◆ **What is required**:
Look through the data below and output, unchanged, every line from the one holding "Villa ou maison" through the one holding "1085 Ermanda Drive, Florissant, MO 63033", inclusive. Skip the pictures.

Excerpts from a dataset:
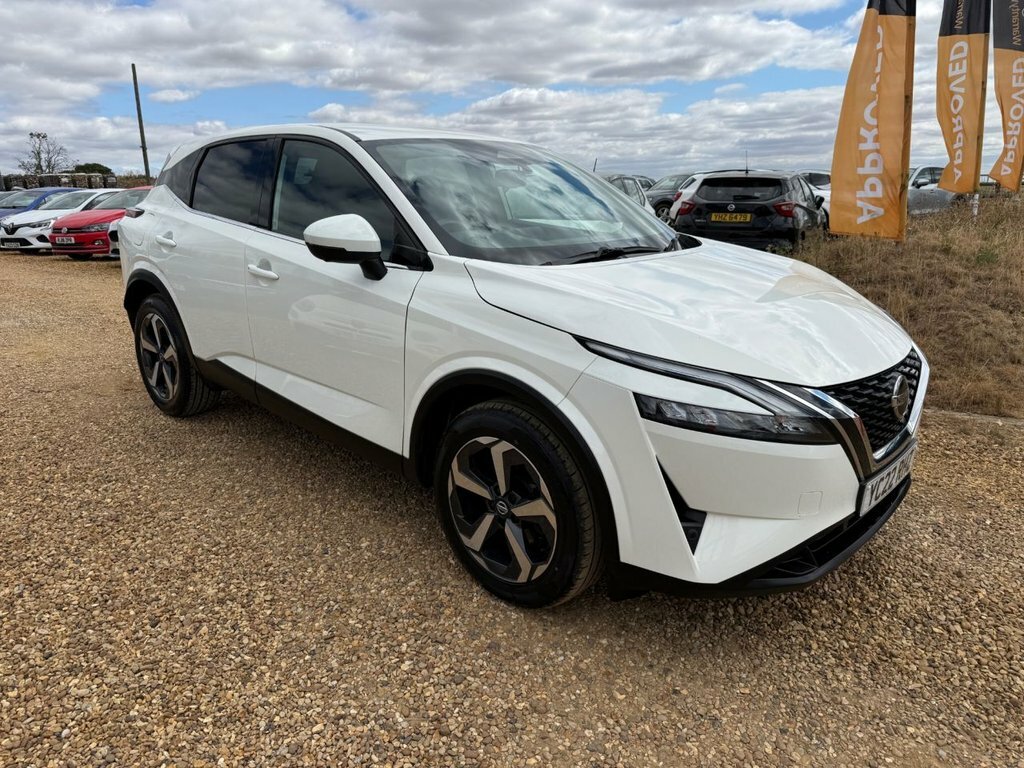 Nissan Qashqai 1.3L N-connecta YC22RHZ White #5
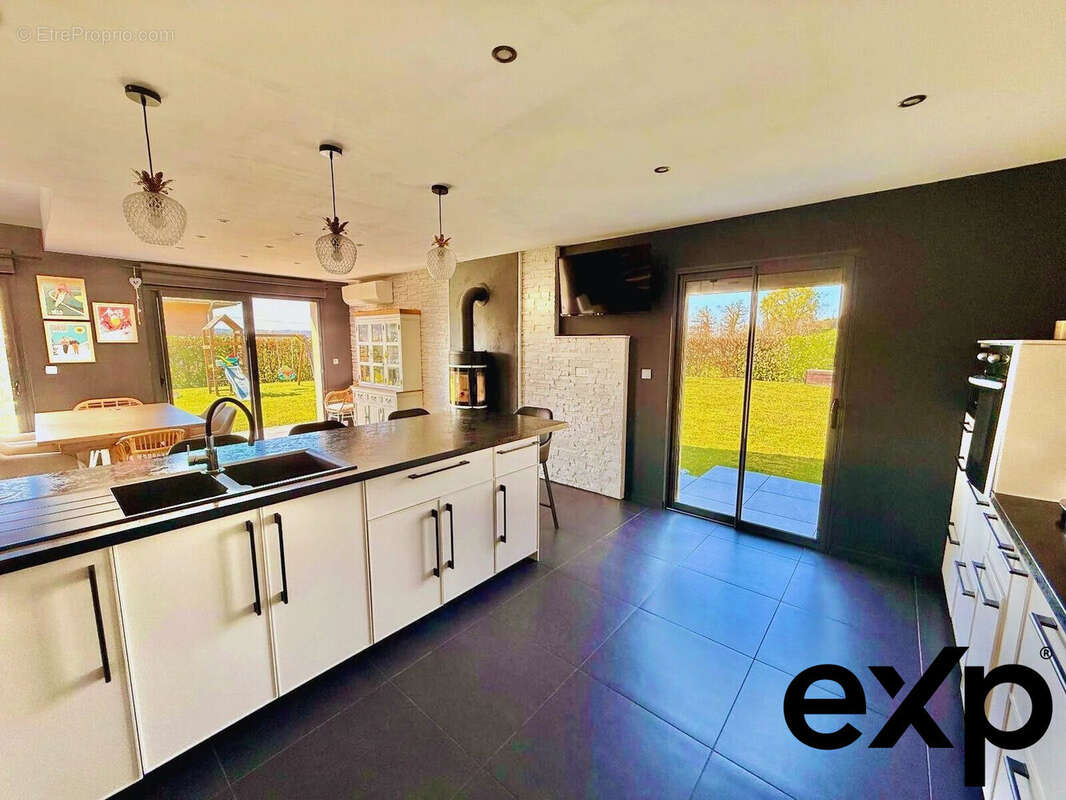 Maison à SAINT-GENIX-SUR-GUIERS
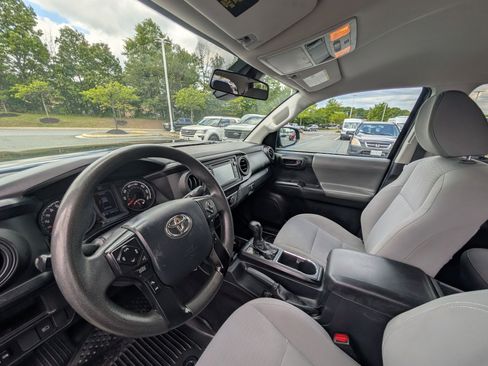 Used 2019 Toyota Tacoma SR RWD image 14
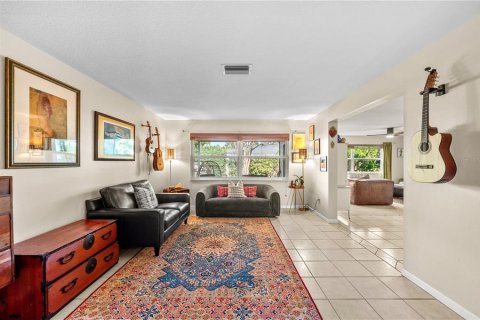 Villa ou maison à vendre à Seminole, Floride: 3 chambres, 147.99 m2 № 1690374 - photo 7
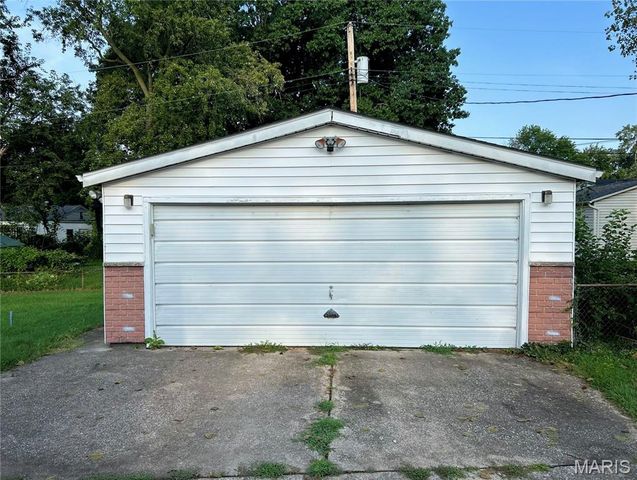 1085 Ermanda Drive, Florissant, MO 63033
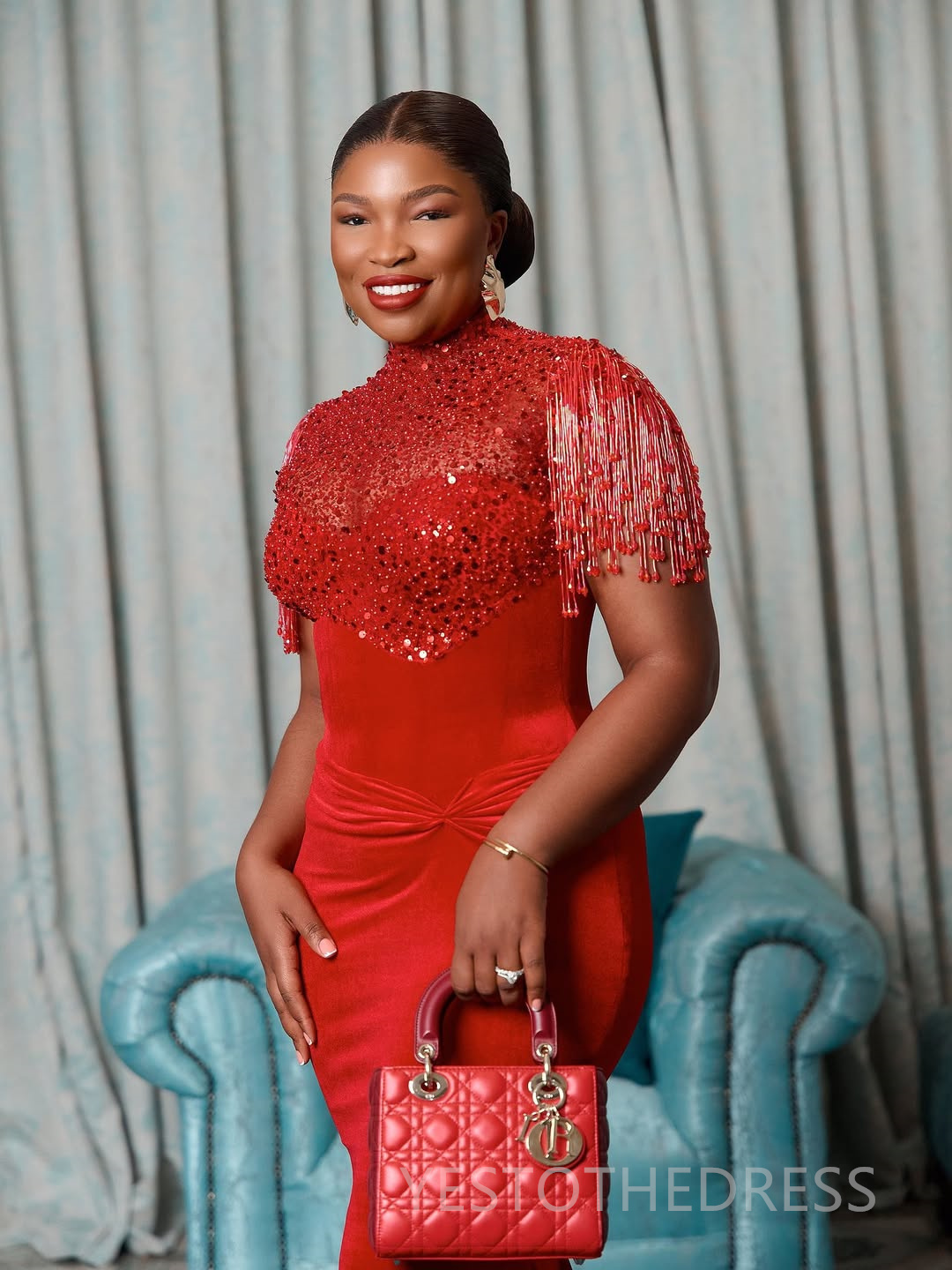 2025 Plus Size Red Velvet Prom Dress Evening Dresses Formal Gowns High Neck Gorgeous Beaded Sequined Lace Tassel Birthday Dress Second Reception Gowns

◆ **Answer**:
 Villa ou maison à vendre à Seminole, Floride: 3 chambres, 147.99 m2 № 1690374 - photo 7
 1085 Ermanda Drive, Florissant, MO 63033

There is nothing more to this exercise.